Both the warrior and pacifist desire peace. The warrior desires peace and stability so that his family may grow and prosper and his community may thrive. The warrior realizes that peace is not simply the absence of conflict but the presence of victory over those who would harm his family and destroy his community. He understands that his strength and arms are gifts from God and with these gifts come a solemn responsibility. The warrior does not take this responsibility lightly.

The pacifist sees peace as a lack of conflict or war, but life is conflict and denying this truth does not make it so. When conflict arrives at the pacifist’s door he has no recourse for he is unprepared and weak in his mind and soul. Only after the wolf is eating his young the pacifist cries out for the warrior to come and save him. A warrior understands that only the strong can give mercy. The weak are helpless and in no position to be merciful.

A warrior prepares his mind and body for conflict and arms himself in a vain hope that he will not need those arms. A warrior fiercely protects his own life, for if his life is lost, who will protect his family? The warrior values his family, his community, and his nation. He swears a daily allegiance to their protection and preservation. He is a protector of life, not a death worshipper.
Thanks to Anti-Idiotarian Rottweiler and The Truth About Guns for posting these essays.

There is one more that I want to link to that I really like. Fragility and Strength Combined- Why I Carry by Brigid
I'm out for an very early morning walk with a woman friend. She does not shoot, though she is starting to show interest. We're walking down a long trail in a small city park, a large sprawling area with miles of trails, a lot of trees and a small river. A jogger passes us every 10 minutes or so, Barkley's intent on sniffing out a cheeseburger someone just had to have left behind on the trail.

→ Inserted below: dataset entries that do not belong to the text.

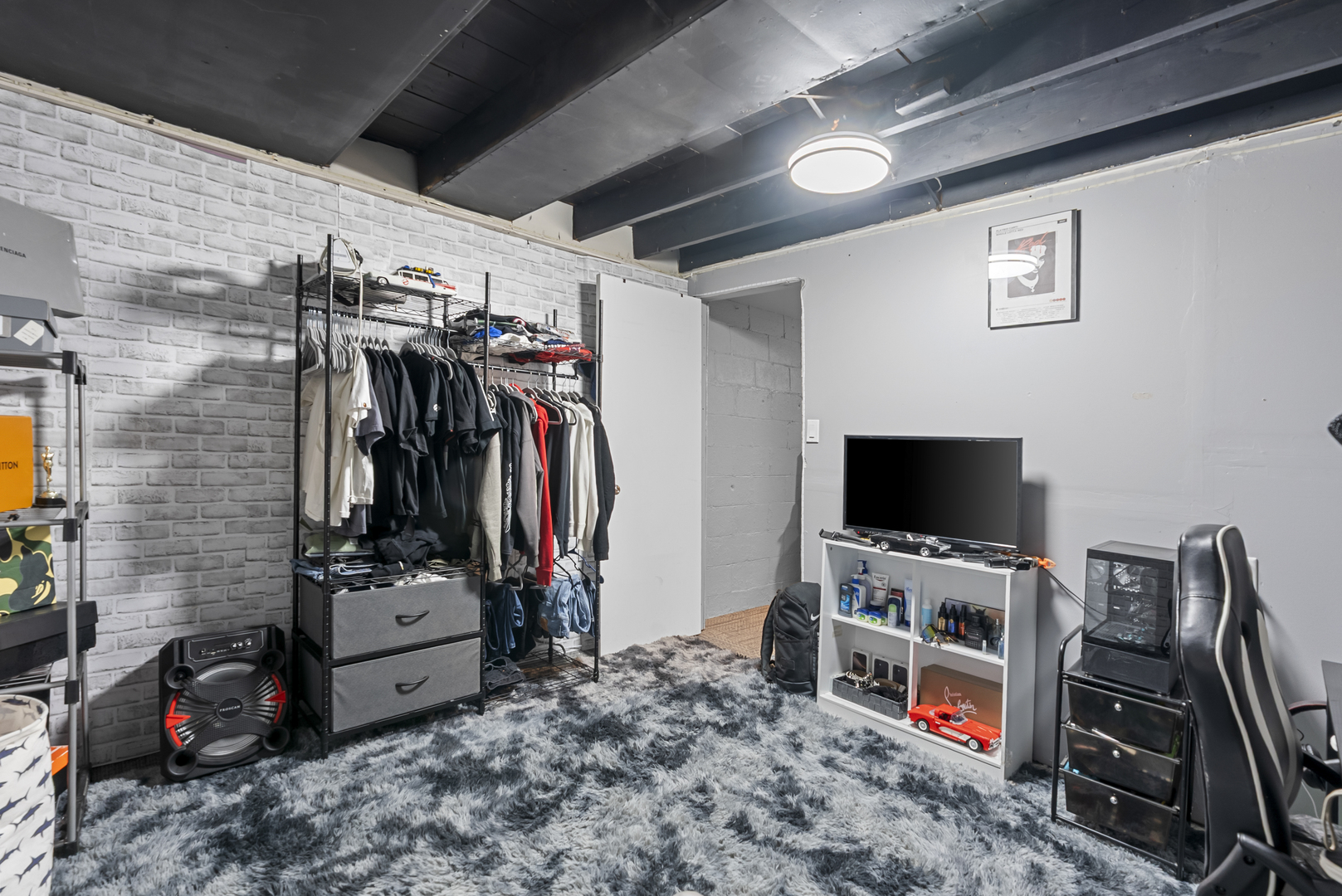 1143 Ridgeway Avenue, Aurora, IL 60506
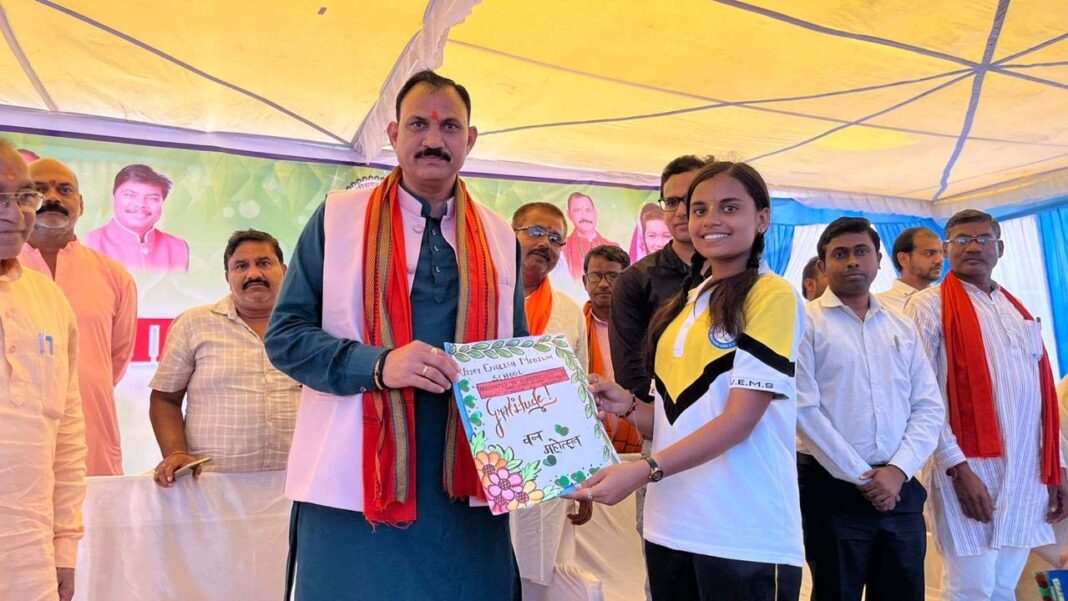 छत्तीसगढ़: कैबिनेट मंत्री श्याम बिहारी जायसवाल ने मियावाकी पद्धति से किया वन महोत्सव का शुभारंभ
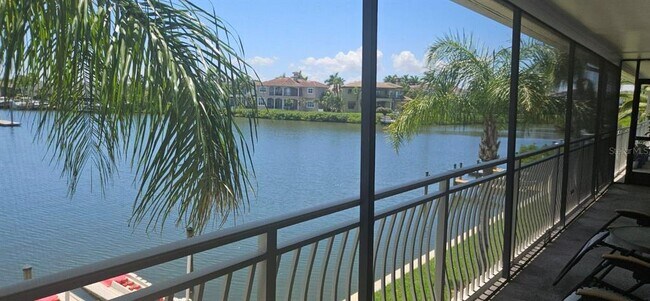 Building Photo - 8822 Bay Pointe Dr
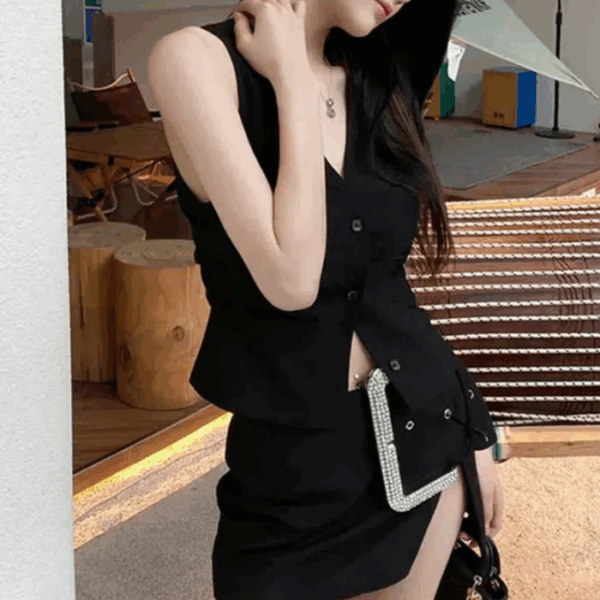 Zeno – Kryształowa klamra – Minispódniczka z rozcięciem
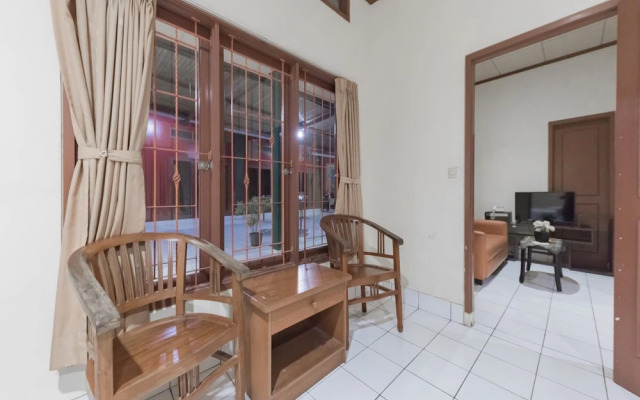 RedDoorz Plus @ Hotel Griya Astoeti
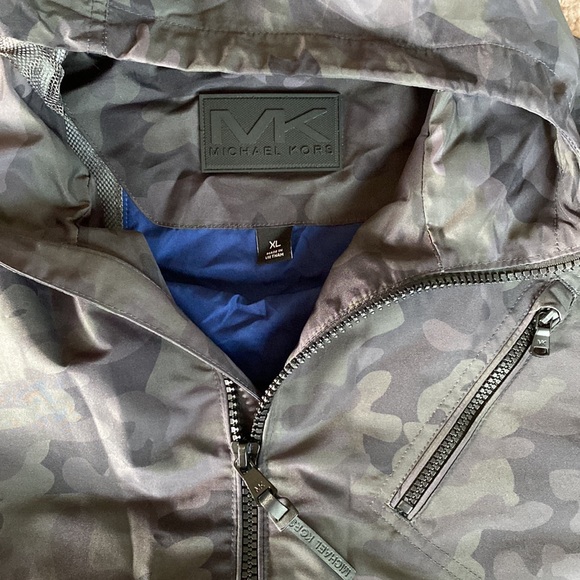 Michael Kors Men’s Camouflage Jacket XL - Picture 3 of 4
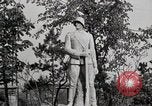 Standbild USA Soldat Deutschland, 1945, aus Sekunde 18 historischem Filmmaterial Videoclip 65675073904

She's quiet and then the question comes out.

She looked at me and said "you're carrying, aren't you?".

I looked down at a light rain jacket over a T shirt, and couldn't see the form of a holster or anything so I asked, "how can you tell".

She said, "you carry yourself differently, there's a different look in your eyes. I've seen that look when you work but not when you socialize". She chuckled . . . "It's a little scary".

I grinned and said, "yes I am".

She thought about and replied. "It's daylight, we're in a park with other people, why?" It wasn't spoken with incrimination, simply curiosity.

So, I told her.
I found Brigid through another site but I can't for the life of me remember which.